When we publicly discuss innovation, the distinction between journalism and brand communication becomes blurred and the question of what brand journalism really is becomes really wide open. Is it journalism revisited, or simply disguised content marketing? While the traditional news media industry sees it rather in the latter category, PR agencies, corporate newsrooms and marketing departments are playing a new role in the former. But there is no clear-cut division. With the increasing digitalization of the information industry, pervasive presence of social platforms, and inevitable transparency, readers/consumers are closer to the content producers in the information and communication industry, and the two types of professionals often overlap. How healthy is this for the media industry landscape? The blogosphere has been debating the issue for a while without reaching a conclusion, which is a good sign per se. In this brief piece, MC tries to map out the latest trends in the debate about brand journalism and related issues.
Does it really matter who the journalist is?
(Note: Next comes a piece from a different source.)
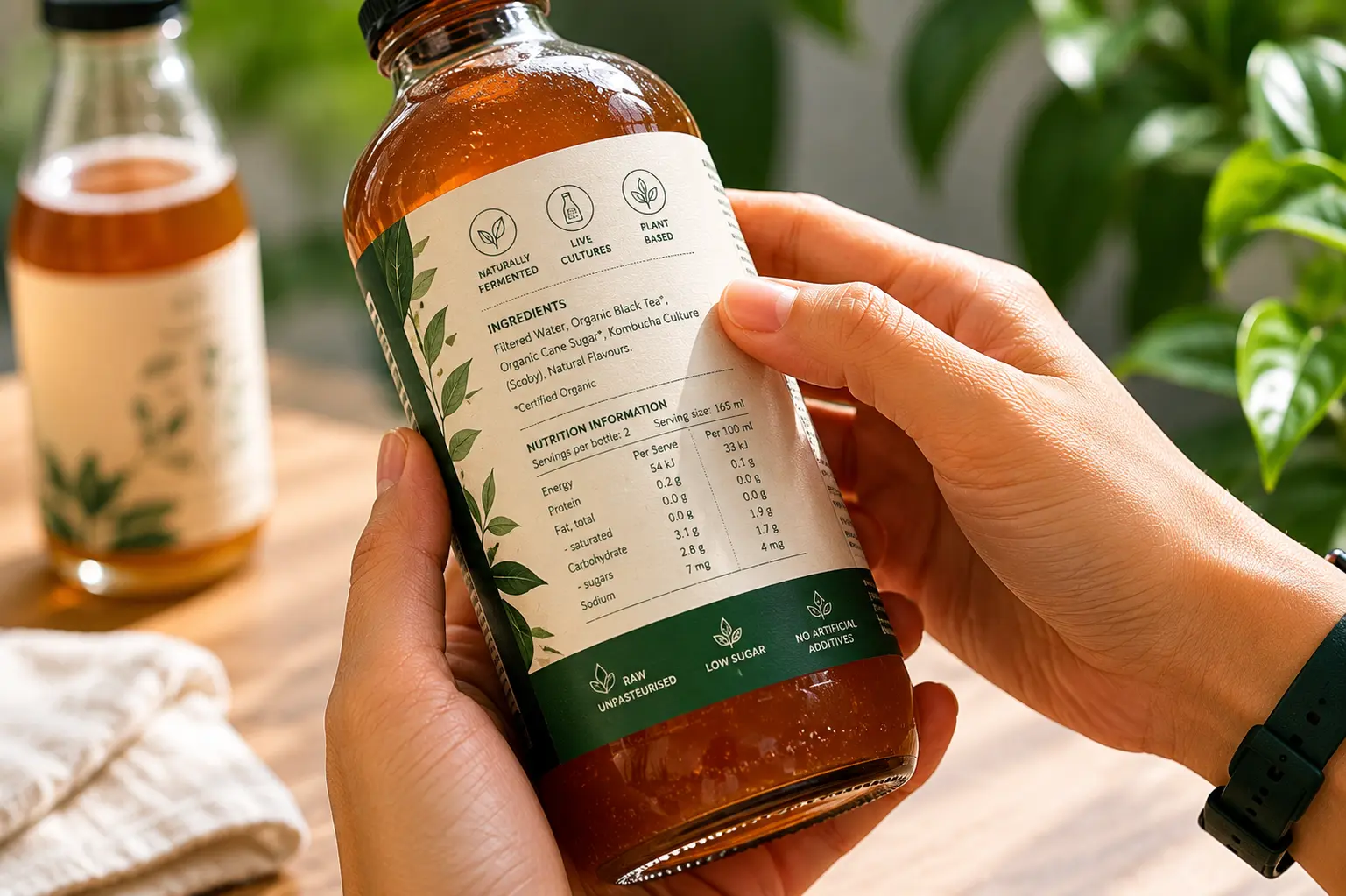 Flipping kombucha bottle to read ingredient list Singapore — how to evaluate natural claims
As a namesake website persuasively points out, brand journalism is hardly a new topic. However in the last couple of years professionals are wondering when it all started. AdAge traces the point zero back to a 2004 conference it organized, when McDonald’s announced its new approach to marketing under the guise of brand journalism. In its latest issue, the Columbia Journalism Review (CJR) of the eponymous school of journalism asks in its cover story whether traditional journalism should worry about brand journalism, underlining how important it has become. It also wonders about the importance to know who is a journalist. Quite aptly CJR underlines how this new trend should not be underestimated, warning that the media should not degrade its own standards.
Some players in the media industry have an unintelligible approach, which is misleading, but also the acceptance of a de facto revolutionized media landscape. According to them, such as Forbes, brand journalism could be the rebirth of the journalistic profession.
In fact, as Financial Times’ seminal article highlighted, the divide between journalism and public relations professionals has always been blurring, with the advertising and marketing industry being an interested third party in this squabble. In the innovation age a common consequence is that brand journalism often provides superior contents thanks to “embedded” position and privileged access to information and sources which corporations would have otherwise not been ready to reveal to an “external” journalist.
So what’s the fuss about? As stated at the beginning, virtual and real worlds have become interconnected in a way unseen before, with the digital r-evolution scaling up its impact in terms of information gathering and social interaction, and news consumption for that matter. In other words, with rising transparency also the information business is about communication, more than ever. And the storytelling about the product, the content becomes product itself.